(Data for analysis begins)

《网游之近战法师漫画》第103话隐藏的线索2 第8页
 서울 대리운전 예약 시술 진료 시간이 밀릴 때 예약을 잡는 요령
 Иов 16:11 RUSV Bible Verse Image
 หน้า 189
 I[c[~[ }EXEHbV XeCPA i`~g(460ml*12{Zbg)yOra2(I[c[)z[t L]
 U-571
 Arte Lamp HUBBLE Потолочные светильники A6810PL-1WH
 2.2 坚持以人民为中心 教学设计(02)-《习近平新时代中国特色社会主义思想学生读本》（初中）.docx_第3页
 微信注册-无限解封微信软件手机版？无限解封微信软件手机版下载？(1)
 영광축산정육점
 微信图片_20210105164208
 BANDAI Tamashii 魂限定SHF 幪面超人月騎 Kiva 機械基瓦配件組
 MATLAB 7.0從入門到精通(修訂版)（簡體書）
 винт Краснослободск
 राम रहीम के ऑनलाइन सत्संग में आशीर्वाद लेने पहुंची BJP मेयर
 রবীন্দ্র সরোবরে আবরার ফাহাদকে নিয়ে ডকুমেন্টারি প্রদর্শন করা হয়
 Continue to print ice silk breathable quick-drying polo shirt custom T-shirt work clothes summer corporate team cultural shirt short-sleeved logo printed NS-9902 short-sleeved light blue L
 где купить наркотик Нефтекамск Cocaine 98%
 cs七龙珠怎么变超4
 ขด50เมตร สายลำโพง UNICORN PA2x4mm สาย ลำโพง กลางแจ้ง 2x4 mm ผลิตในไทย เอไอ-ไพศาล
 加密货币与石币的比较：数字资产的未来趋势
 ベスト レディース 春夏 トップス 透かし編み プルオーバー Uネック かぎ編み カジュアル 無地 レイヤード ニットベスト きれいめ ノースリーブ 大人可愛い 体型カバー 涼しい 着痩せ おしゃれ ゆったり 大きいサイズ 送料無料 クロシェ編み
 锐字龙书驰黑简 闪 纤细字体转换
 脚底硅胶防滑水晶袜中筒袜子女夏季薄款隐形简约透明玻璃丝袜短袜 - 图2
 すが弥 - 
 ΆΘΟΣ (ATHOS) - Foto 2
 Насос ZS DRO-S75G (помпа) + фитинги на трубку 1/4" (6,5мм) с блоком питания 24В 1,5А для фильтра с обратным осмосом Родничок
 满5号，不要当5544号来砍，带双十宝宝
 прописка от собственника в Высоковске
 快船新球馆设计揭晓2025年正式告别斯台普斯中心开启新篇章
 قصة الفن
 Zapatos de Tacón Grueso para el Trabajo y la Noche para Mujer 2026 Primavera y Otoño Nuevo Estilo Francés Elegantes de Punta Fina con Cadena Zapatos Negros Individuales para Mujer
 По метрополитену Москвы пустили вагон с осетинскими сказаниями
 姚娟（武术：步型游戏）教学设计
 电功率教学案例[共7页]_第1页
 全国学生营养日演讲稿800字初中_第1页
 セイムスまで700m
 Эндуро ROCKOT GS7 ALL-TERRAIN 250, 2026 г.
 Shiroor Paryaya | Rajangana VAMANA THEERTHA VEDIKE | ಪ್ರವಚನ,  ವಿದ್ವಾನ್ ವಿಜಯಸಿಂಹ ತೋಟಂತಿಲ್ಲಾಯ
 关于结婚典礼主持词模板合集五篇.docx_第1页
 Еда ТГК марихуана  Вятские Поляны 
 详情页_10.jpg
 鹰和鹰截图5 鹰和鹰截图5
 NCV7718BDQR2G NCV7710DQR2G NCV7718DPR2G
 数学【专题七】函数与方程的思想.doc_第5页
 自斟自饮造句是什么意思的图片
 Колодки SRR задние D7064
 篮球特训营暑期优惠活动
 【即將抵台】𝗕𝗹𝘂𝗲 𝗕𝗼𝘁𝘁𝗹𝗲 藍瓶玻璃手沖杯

(Data for analysis ends)

To do:
Return every line above exactly.

Exercise answer:
《网游之近战法师漫画》第103话隐藏的线索2 第8页
 서울 대리운전 예약 시술 진료 시간이 밀릴 때 예약을 잡는 요령
 Иов 16:11 RUSV Bible Verse Image
 หน้า 189
 I[c[~[ }EXEHbV XeCPA i`~g(460ml*12{Zbg)yOra2(I[c[)z[t L]
 U-571
 Arte Lamp HUBBLE Потолочные светильники A6810PL-1WH
 2.2 坚持以人民为中心 教学设计(02)-《习近平新时代中国特色社会主义思想学生读本》（初中）.docx_第3页
 微信注册-无限解封微信软件手机版？无限解封微信软件手机版下载？(1)
 영광축산정육점
 微信图片_20210105164208
 BANDAI Tamashii 魂限定SHF 幪面超人月騎 Kiva 機械基瓦配件組
 MATLAB 7.0從入門到精通(修訂版)（簡體書）
 винт Краснослободск
 राम रहीम के ऑनलाइन सत्संग में आशीर्वाद लेने पहुंची BJP मेयर
 রবীন্দ্র সরোবরে আবরার ফাহাদকে নিয়ে ডকুমেন্টারি প্রদর্শন করা হয়
 Continue to print ice silk breathable quick-drying polo shirt custom T-shirt work clothes summer corporate team cultural shirt short-sleeved logo printed NS-9902 short-sleeved light blue L
 где купить наркотик Нефтекамск Cocaine 98%
 cs七龙珠怎么变超4
 ขด50เมตร สายลำโพง UNICORN PA2x4mm สาย ลำโพง กลางแจ้ง 2x4 mm ผลิตในไทย เอไอ-ไพศาล
 加密货币与石币的比较：数字资产的未来趋势
 ベスト レディース 春夏 トップス 透かし編み プルオーバー Uネック かぎ編み カジュアル 無地 レイヤード ニットベスト きれいめ ノースリーブ 大人可愛い 体型カバー 涼しい 着痩せ おしゃれ ゆったり 大きいサイズ 送料無料 クロシェ編み
 锐字龙书驰黑简 闪 纤细字体转换
 脚底硅胶防滑水晶袜中筒袜子女夏季薄款隐形简约透明玻璃丝袜短袜 - 图2
 すが弥 - 
 ΆΘΟΣ (ATHOS) - Foto 2
 Насос ZS DRO-S75G (помпа) + фитинги на трубку 1/4" (6,5мм) с блоком питания 24В 1,5А для фильтра с обратным осмосом Родничок
 满5号，不要当5544号来砍，带双十宝宝
 прописка от собственника в Высоковске
 快船新球馆设计揭晓2025年正式告别斯台普斯中心开启新篇章
 قصة الفن
 Zapatos de Tacón Grueso para el Trabajo y la Noche para Mujer 2026 Primavera y Otoño Nuevo Estilo Francés Elegantes de Punta Fina con Cadena Zapatos Negros Individuales para Mujer
 По метрополитену Москвы пустили вагон с осетинскими сказаниями
 姚娟（武术：步型游戏）教学设计
 电功率教学案例[共7页]_第1页
 全国学生营养日演讲稿800字初中_第1页
 セイムスまで700m
 Эндуро ROCKOT GS7 ALL-TERRAIN 250, 2026 г.
 Shiroor Paryaya | Rajangana VAMANA THEERTHA VEDIKE | ಪ್ರವಚನ,  ವಿದ್ವಾನ್ ವಿಜಯಸಿಂಹ ತೋಟಂತಿಲ್ಲಾಯ
 关于结婚典礼主持词模板合集五篇.docx_第1页
 Еда ТГК марихуана  Вятские Поляны 
 详情页_10.jpg
 鹰和鹰截图5 鹰和鹰截图5
 NCV7718BDQR2G NCV7710DQR2G NCV7718DPR2G
 数学【专题七】函数与方程的思想.doc_第5页
 自斟自饮造句是什么意思的图片
 Колодки SRR задние D7064
 篮球特训营暑期优惠活动
 【即將抵台】𝗕𝗹𝘂𝗲 𝗕𝗼𝘁𝘁𝗹𝗲 藍瓶玻璃手沖杯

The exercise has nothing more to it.